Ahold profiteerde niet bij inkoopdeals
Het volledig bijtellen van de omzetten van dochterondernemingen door supermarktconcern Ahold droeg niet bij tot betere inkoopdeals met levensmiddelenproducenten. Dat getuigde voormalig financieel topman Michiel Meurs maandag tegenover het gerechtshof in Amsterdam tijdens de behandeling van het hoger beroep in de strafzaak tegen vier voormalige bestuurders van Ahold.
Het supermarktconcern telde de omzet van dochterondernemingen volledig op, terwijl het bedrijf niet de volledige zeggenschap had bij de dochterbedrijven.

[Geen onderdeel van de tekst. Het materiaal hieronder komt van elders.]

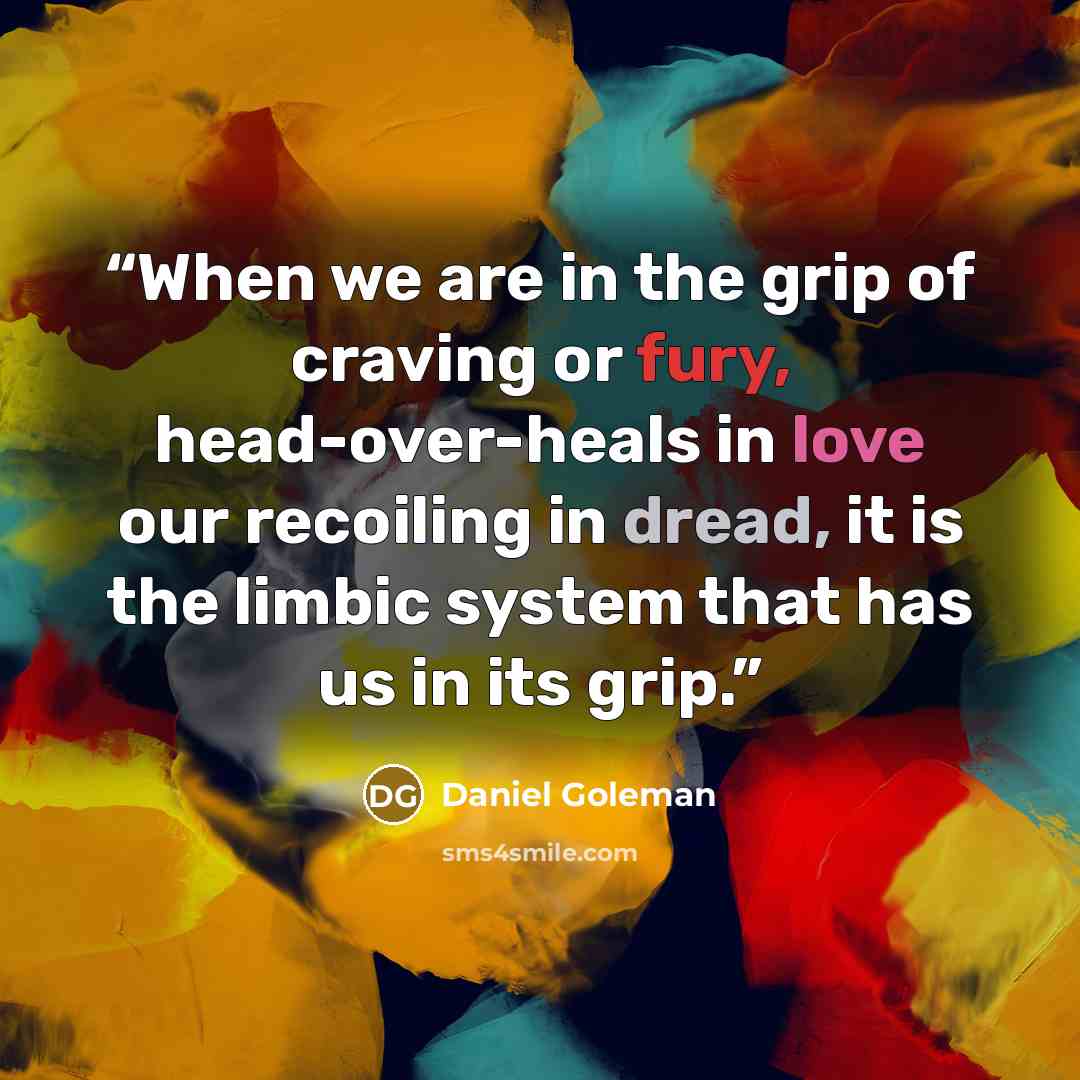 “When we are in the grip of craving or fury, head-over-heals in love our recoiling in dread, it is the limbic system that has us in its grip.” quote by Daniel Goleman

De voorzitter van het college van rechters wilde van de voormalig financieel topman weten of, zoals door anderen verklaard, de hogere totaalomzet gunstig uitpakte voor Ahold in zijn onderhandelingen met producten als Unilever of Nestlé.„Absoluut niet. Een inkoper en een verkoper deden niet met het jaarverslag in de hand zaken", aldus Meurs. De gewezen topman getuigde dat het de producent enkel alleen ging om het aantal winkels en de af te nemen volumes. „Dan zijn ze dolblij".
Andere redenen om te consolideren, die de rechter Meurs voorhield, ontkrachtte de voormalig topman stellig. Zo zou Ahold de omzet door de consolidatie kunstmatig hoog kunnen houden, opdat aandeelhouders en beleggers gunstiger gestemd zijn. Bovendien zouden de bonussen van bestuurders aan de hogere resultaten verbonden zijn.

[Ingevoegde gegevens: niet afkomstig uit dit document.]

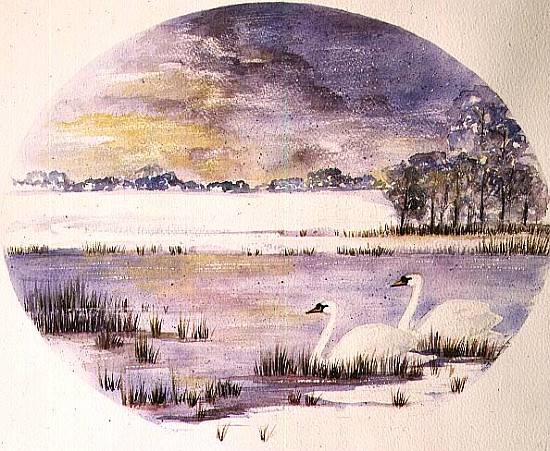 Swans on the Lake (w/c) de Suzi  Kennett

„Er is gekozen om volledig te consolideren en dan zijn de cijfers zoals ze zijn. Het consolidatiebeleid werd al jaren doorgezet. Meurs zag bij zijn aantreden als financieel topman bij Ahold in 1997 dan ook geen reden om vraagtekens te zetten bij het beleid.
Het hof wilde verder van Meurs weten hoe tussen Ahold en de accountantsfirma Deloitte werd gesproken over consolidatie. „Er waren geen rode vlaggen van Deloitte naar ons toe over consolidatie", aldus Meurs. Volgens de topman waren er geen twijfels bij Ahold of het concern volgens de Amerikaanse boekhoudkundige regels wel correct consolideerde. De rechter hield hem echter documenten voor waarin er wel gesproken werd over de (on)juistheid van de methode. „Dat was geen probleem, maar een open constructieve dialoog tussen Ahold en de accountant. Meer niet".

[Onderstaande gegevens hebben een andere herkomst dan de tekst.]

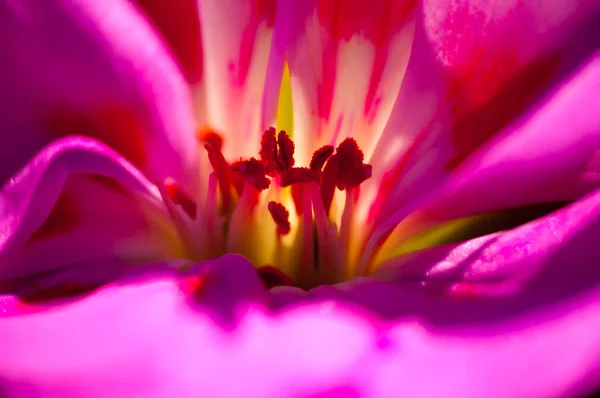 Makro einer kleinen Blume — Stockfoto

Tijdens de zitting in Amsterdam waren alle vier verdachten, oud–topman Cees van der Hoeven, Meurs, oud–bestuurslid Jan Andreae en ex–commissaris Roland Fahlin aanwezig. Meurs was voor het eerst bij een zitting bij het gerechtshof. Aan het einde van de middag werd het verhoor van Meurs geschorst. Het wordt woensdag hervat.